======== RECORDS SHOWN ========
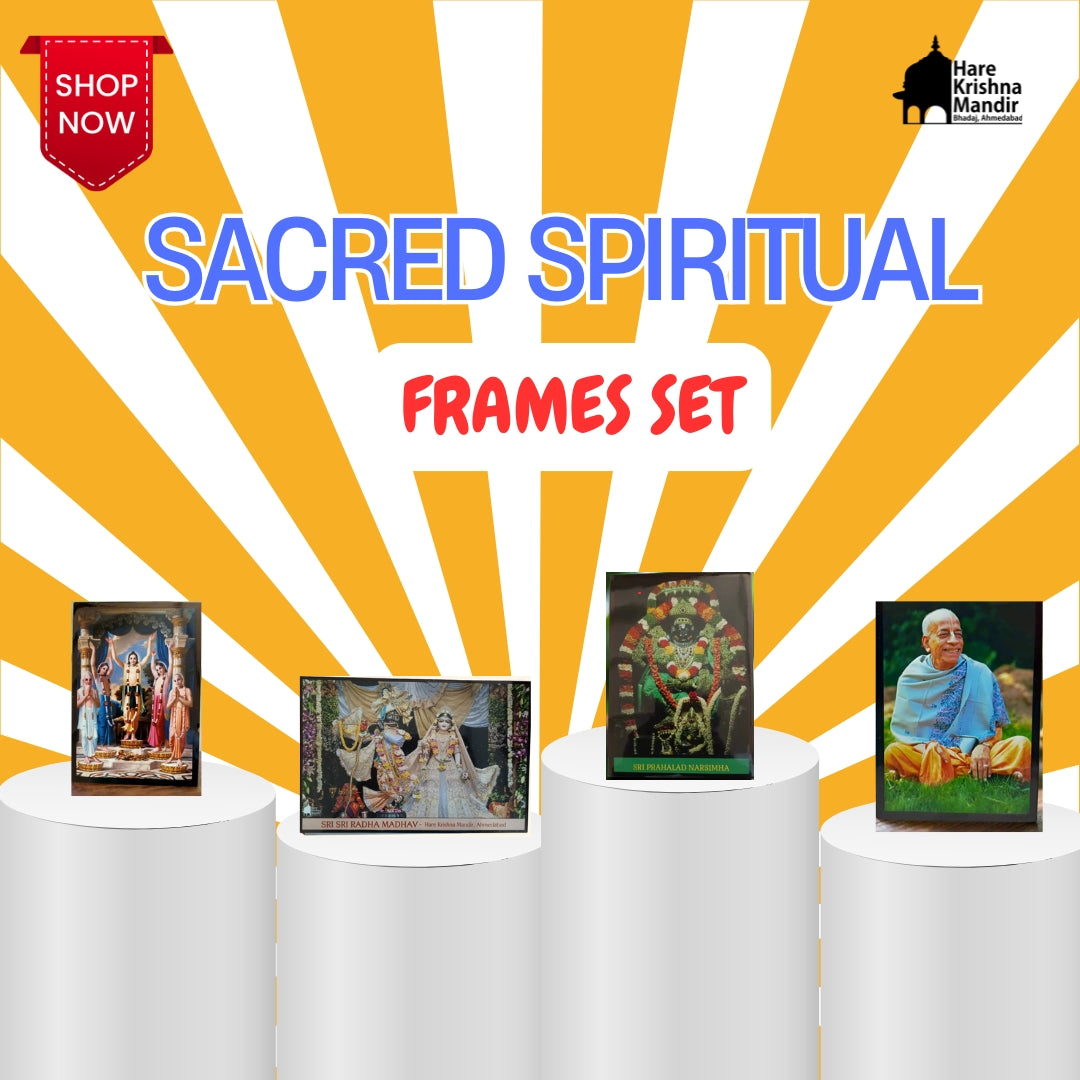 📿 4 Sacred Wall Frames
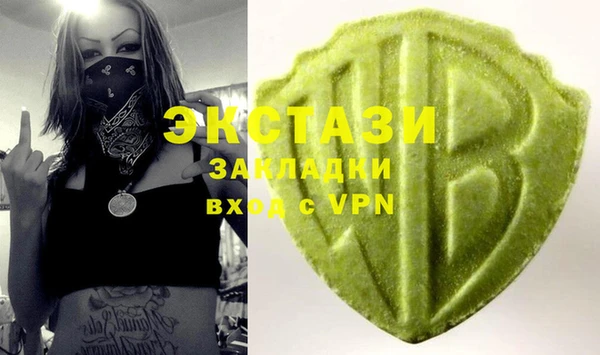 мефедрон мука Алзамай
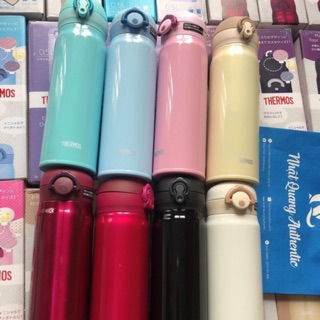 Bình ủ thermos nhật bản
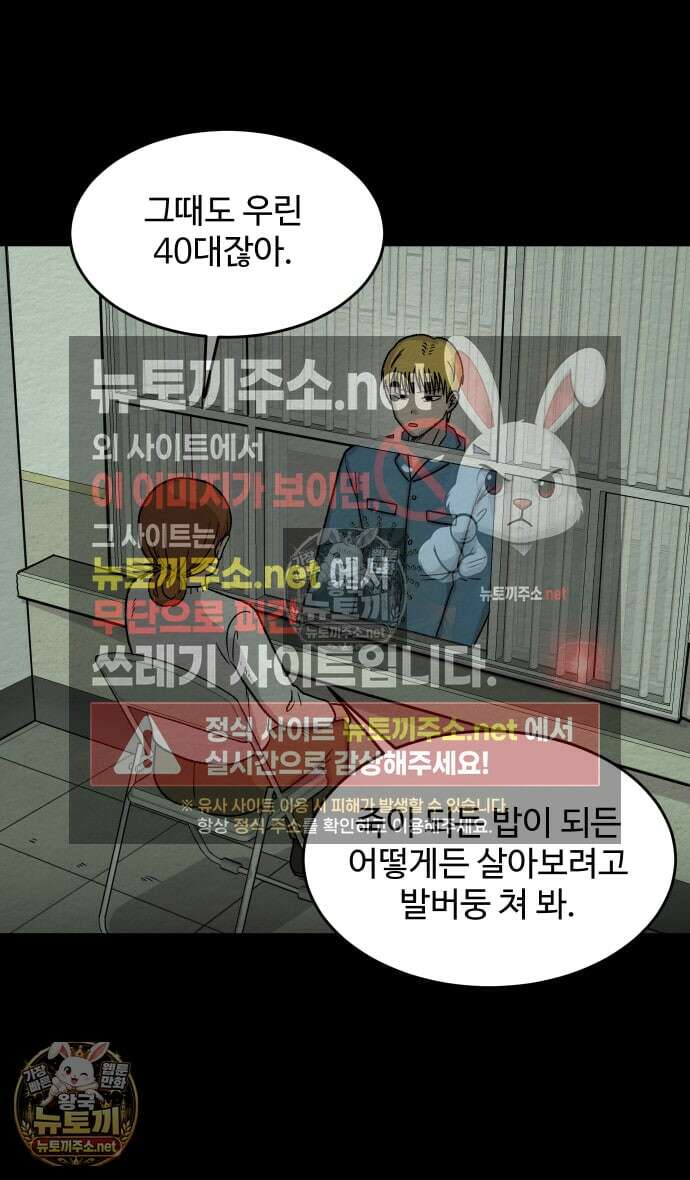 만남어플 중독 마지막화 8
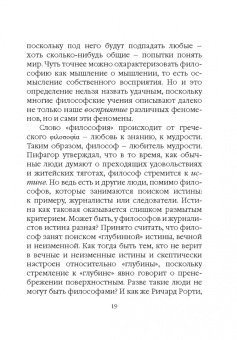 Ларс Свендсен: Философия философии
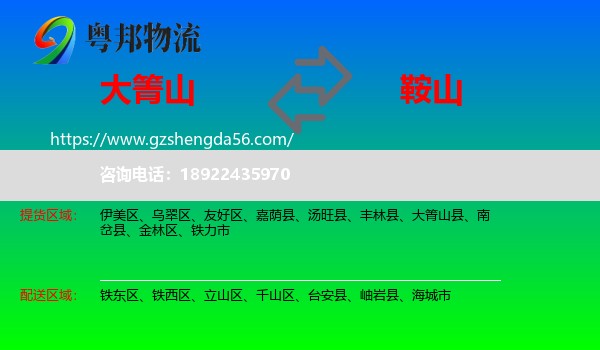大箐山县到鞍山物流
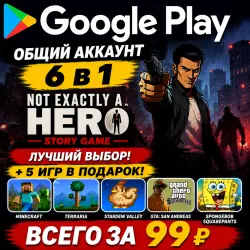 Not Exactly A Hero: Story Game for Android Google Play Account 6-in-1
========
Write the records out again exactly; none of the pictures belong in the copy.

WRITTEN ANSWER:
 📿 4 Sacred Wall Frames
 мефедрон мука Алзамай
 Bình ủ thermos nhật bản
 만남어플 중독 마지막화 8
 Ларс Свендсен: Философия философии
大箐山县到鞍山物流
 Not Exactly A Hero: Story Game for Android Google Play Account 6-in-1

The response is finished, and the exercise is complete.